The play Orlando is writing at MacDowell - Juan Gelion Dances for the Sun - explores today's reckoning between true spirituality and the zealotry often mistaken for it. It tells the story of a young Dominican peasant who returns to his village after three years in the rain forest, convinced God has charged him with a mission: “to heal the rifts between the world's religions, and expose those who have twisted Christ's message to serve their hunger for temporal power.”

Juan Gelion re-imagines Christ's New Testament journey for a modern audience, but instead of wandering through the desert, Juan makes his way from the tropics of South America to the seat of world power: Washington, D.C. Throughout the journey, he confronts hypocrites, performs miracles, and seeks to reconnect Christianity with its radical roots. “America considers itself a Christian nation, but we embrace - and globally promote - a ruthless capitalism that is the antithesis of Christ's teaching. Meanwhile, progressive forces in our country, distrustful of organized religion, have ceded the entire spiritual realm to crackpots and right-wing fanatics.”

While the play may sound operatic, even apocalyptic, it is grounded in the very real politics of today. Juan Gelion targets the growing disconnect between Christian propaganda and bona fide Christian action; the disconnect, in Orlando's view, occurring mainly in American government. But what disturbs Orlando more than leaders espousing Christian cant to promote their candidacies is how quickly Americans believe it. “Fundamentalism isn't just in the Mideast, you know.”
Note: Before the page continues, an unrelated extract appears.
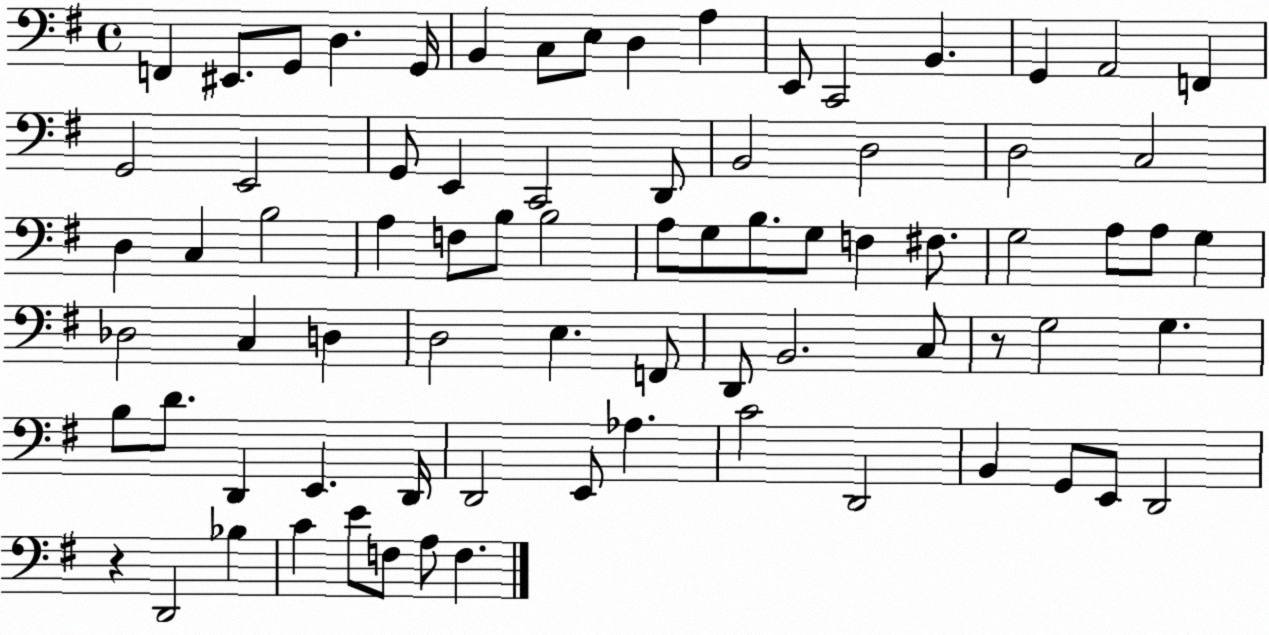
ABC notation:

Still, politics isn't the only “theatre” of reckoning in Juan Gelion. Like Christ, Orlando's Gelion is a man more concerned with reaching individual people, a man whose radical nature - and danger - springs from how he inspires the people he meets one by one. “There's that great quote 'before nations change, men must change.' Well, today, people just seem to be capable of taking any message and using it as a club.” Distorting it, he says, to oppress others, to foment prejudice, and most of all to secure their own power. “I have this scene in Juan Gelion where Juan is being stoned for his beliefs, and in the middle of it, he catches a stone and turns it into bread and asks the crowd 'Is it a stone or is it bread?' And I think that's the real question for religion and us. Which one will it be?”